_Work task_
From the material below, please set down exactly the lines starting with the one with "4x18m - 4,5 tỷ" and going on through the one with "Capadocia Lea Long Dress", without a single picture.

_Entries shown_
____
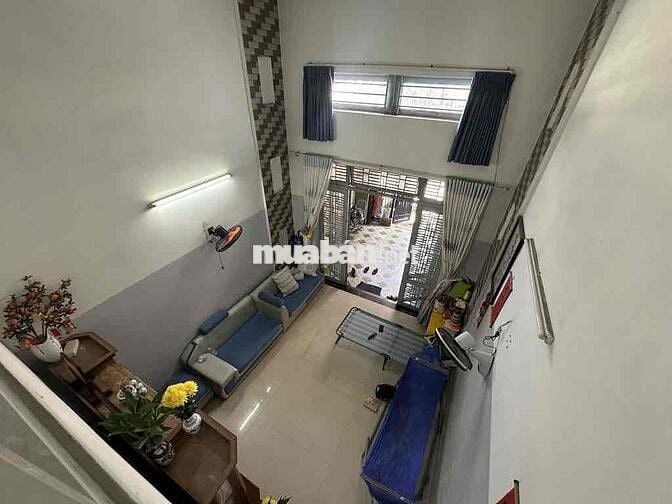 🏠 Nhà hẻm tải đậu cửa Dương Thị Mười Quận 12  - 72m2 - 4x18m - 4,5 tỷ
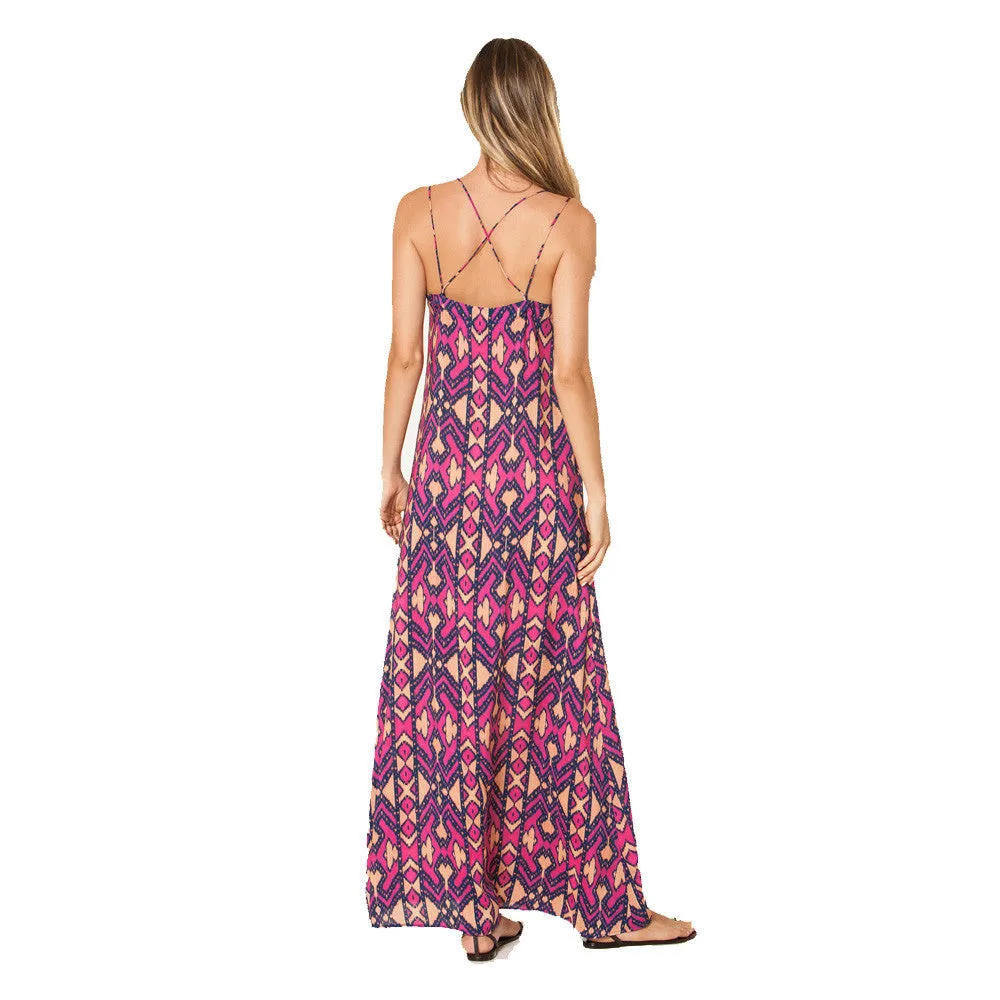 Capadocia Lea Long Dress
____
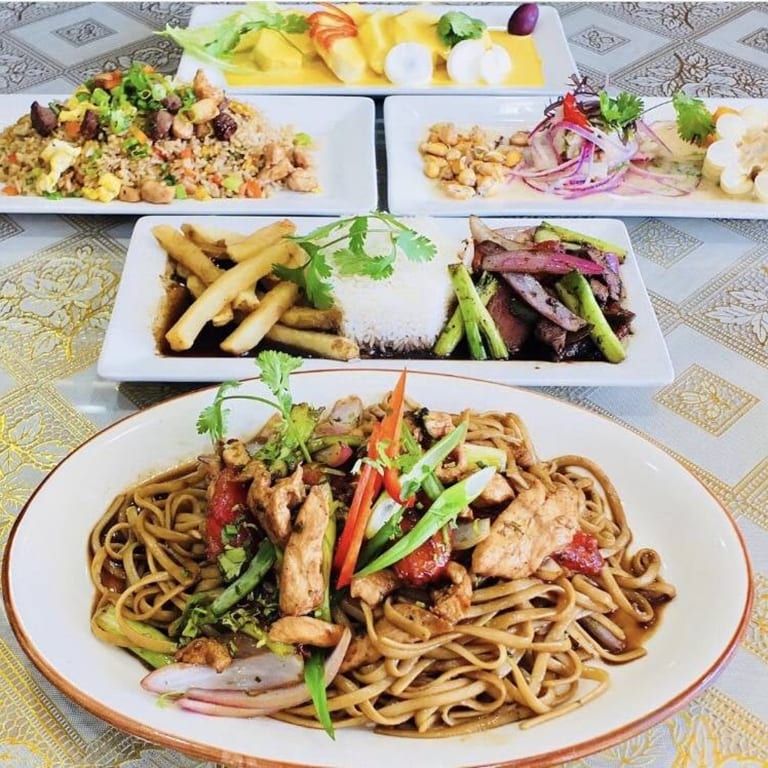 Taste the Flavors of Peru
____
_Solution for this exercise_
 🏠 Nhà hẻm tải đậu cửa Dương Thị Mười Quận 12  - 72m2 - 4x18m - 4,5 tỷ
 Capadocia Lea Long Dress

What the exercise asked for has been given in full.